● About this exercise
Leaving the images aside, transcribe all the data below exactly.

● Recorded data
--
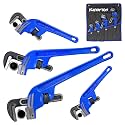 End Pipe Wrench set(8" 10" 14" 18"), Adjustable Cast Iron offset pipe Wrench, Perfect Plumbers Tool for Oil Field, Plumbing, Auto Repair, Construction and Mechanics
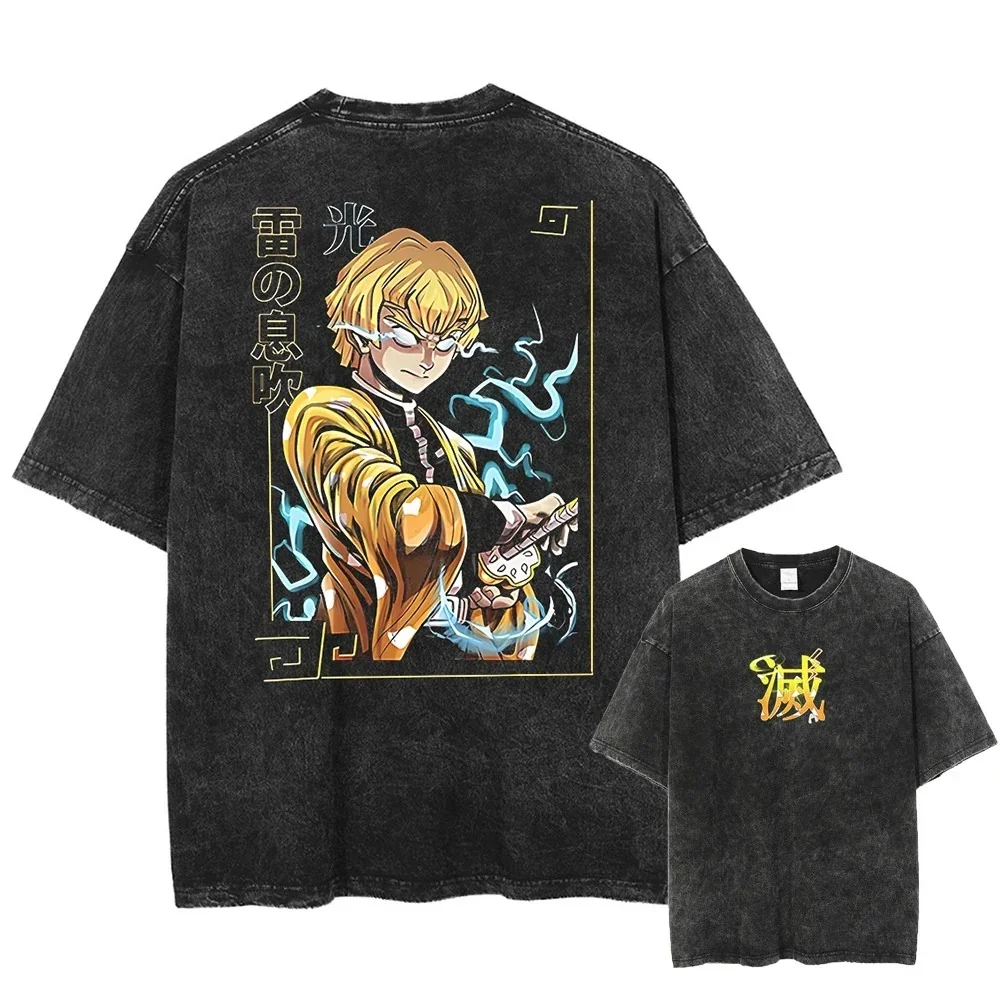 

Demon Slayer Japanese Anime Printed Washed T-shirt Men and Women Retro Trend Street Style Fashion Summer Y2K Short Sleeve Tops
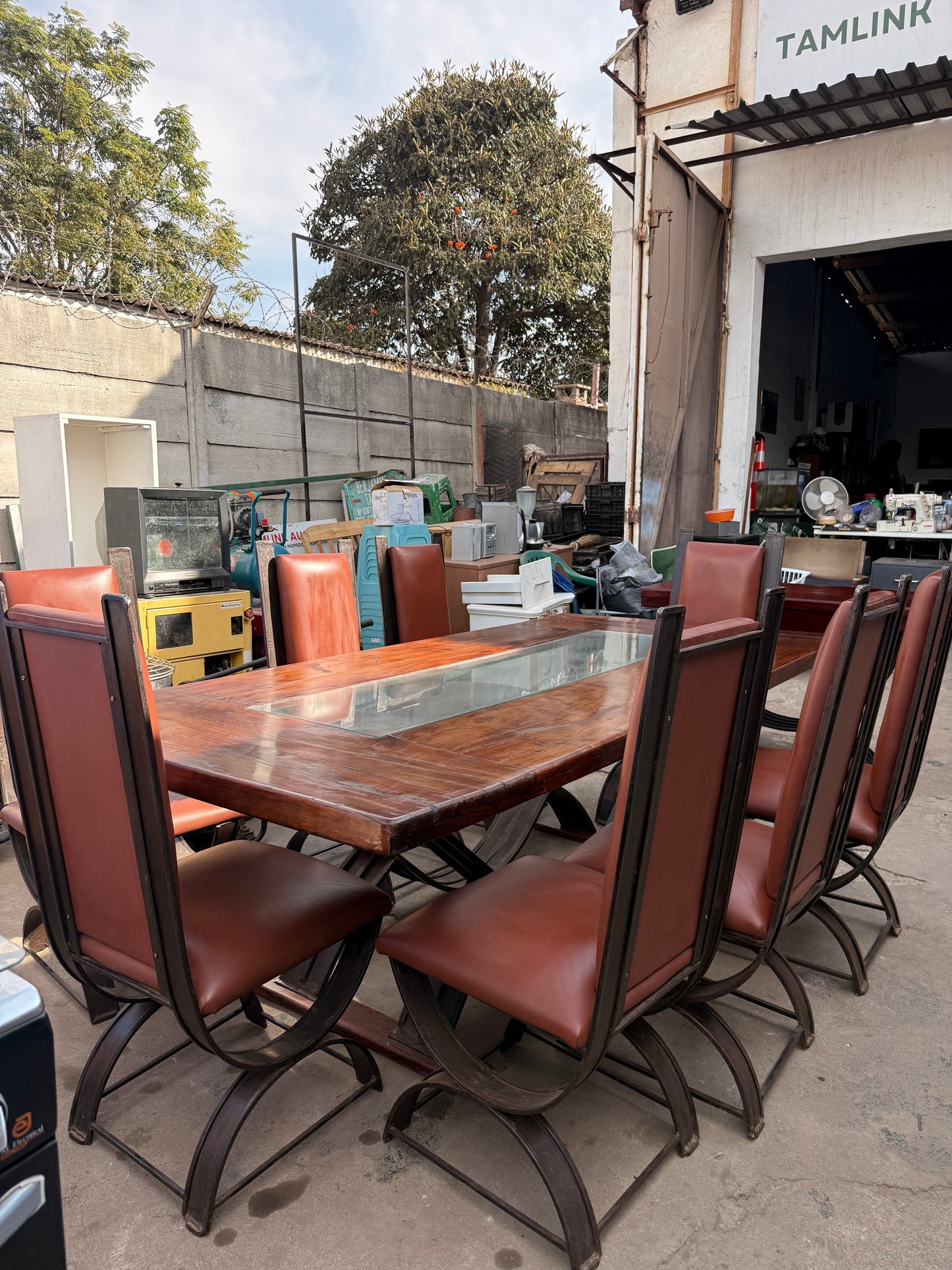 8 Sitter Teak Table With 8 Chairs and Console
--
● Solution
 End Pipe Wrench set(8" 10" 14" 18"), Adjustable Cast Iron offset pipe Wrench, Perfect Plumbers Tool for Oil Field, Plumbing, Auto Repair, Construction and Mechanics

Demon Slayer Japanese Anime Printed Washed T-shirt Men and Women Retro Trend Street Style Fashion Summer Y2K Short Sleeve Tops
 8 Sitter Teak Table With 8 Chairs and Console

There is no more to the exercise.